Buying Pigs in Indonesia…from China.

In almost 18 months of writing this blog and a full year or traveling around the world, we have yet to try and use it for something beneficial.  In our minds, it is about us putting our thoughts and memories of these experiences onto “paper” and sharing those experiences with our friends, family and random strangers who find us on the internet.  We’ve talked about it – specifically, Anna and I discussed proposing a Big Brother Mouse book in Laos, sponsored by and asking for donations from readers to cover it.

But ultimately, we decided against that.  We have also decided against letting various websites put ads in our blog and giving us a few cents each time someone accidentally clicked on the ad.  This blog isn’t about getting money, either for us or anyone else.  But I do want to share with you some advice on capital preservation.

It’s not something we’ve learned about during the trip – we learned about it last year sometime and have been “playing” with it for a while now.  But now that we’ve traveled to some seriously developing countries, the benefit of it really hits home.  It’s called Kiva and it’s a website that allows you to give out micro-loans to entrepreneurs around the world.  You don’t get interest on your loans, but you do get status reports on how things are going for the entrepreneur(s) you’ve selected.

Prompting this blog post is the update we received on our most recent loan yesterday.  The loans are in increments of $25 and 2 years ago we put in $25, just to check it out.  At the time, we loaned the $25 to a group doing animal sales in Tajikistan.  6 months later, we were paid back that $25.  We re-lent the $25, this time to a woman in Mali who wanted to open a grocery store.  Our money was paid back in 6 months.  Even though we’ve been repaid, we are still receiving (on our Kiva page, not in our email) updates on the grocery store.  We made another loan while on the trip, this time to a woman in Indonesia who wanted to buy pigs for breeding and selling.  She’s been making her interest payments and we should have the full $25 back by next month.

What this trip has really done for us and our relationship to Kiva is to show us that $25 really does make a difference.  Not that $25 is the entire loan – most of the loans are for $200-5,000 in total and your $25 is only part of it – but people in developing countries can legitimately start a business for $500, so $25 can help with that.  In America, that would be the amount spent on a few office supplies.

Ni Ketut Sulasih, the borrower in Indonesia, took $950 (8.4 million rupiah) from Kiva to purchase piglets.  She represents a group of woman who raise the pigs, then cook and sell the pork in their kitchen.  They spent the $950 on piglets and feed.  After 6 months, they’ve sold the original batch of pigs and serviced the debt for a profit of almost $500.  A 50% profit in 6 months is great.  Earning $500 in 6 months, total, shows you why they need loans to keep developing.  The average person in Indonesia makes about $1.60 per day.

Anyway, in light of recent financial developments in America, we thought we’d share with you the only investment vehicle we’ve found that hasn’t lost money while we’ve been on the trip (other than that stock in Amazon!

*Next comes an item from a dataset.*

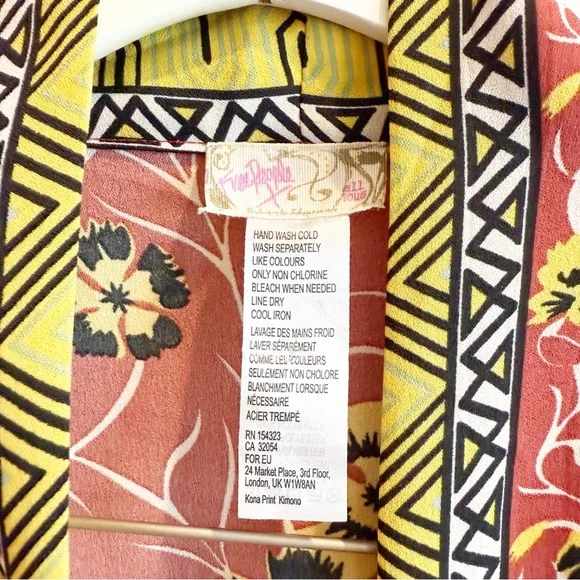 Free People Kona Print Kimono Jacket Floral Boho Lightweight Layering Piece - Picture 6 of 8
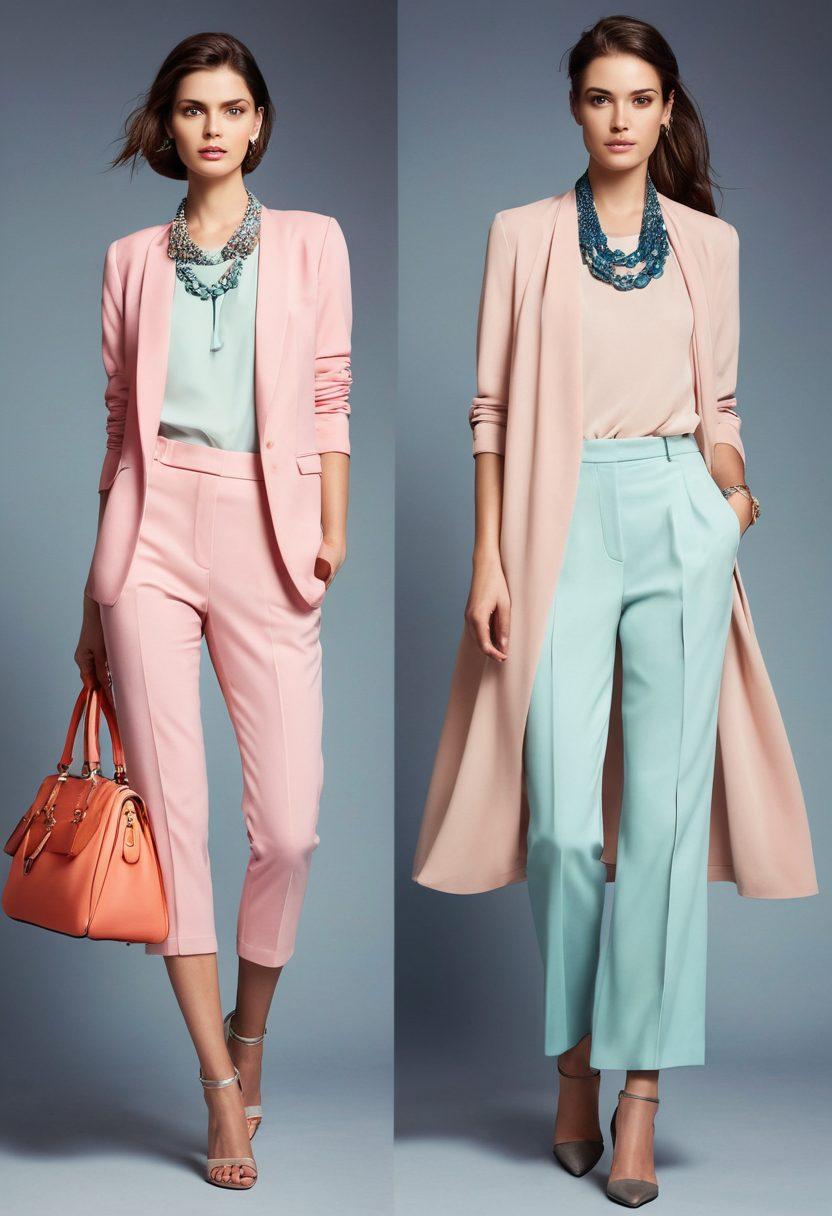 A stylish transformation scene highlighting a casual outfit on one side, transitioning into an elegant glamorous ensemble on the other. Include accessories like a statement necklace and a chic handbag, set against a soft pastel background. Showcase a silhouette of a confident person, embodying a sense of poise and elegance. Elegant draping fabrics and shimmering textures should be emphasized to illustrate the elevation in style. vibrant colors. super-realistic.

Buy a Kindle!).  And if it helps someone out, all the better.  If you click on the link below, you can check out Kiva and you, too, could be earning 0% interest while helping a lady in Indonesia buy a pig, which makes Indonesian pigs a better investment than the S&P 500 these days.



  1. I want to do this! It’s so much more than a return on your $$$.

  2. The updates you receive are worth that $25 investment. How inspiring.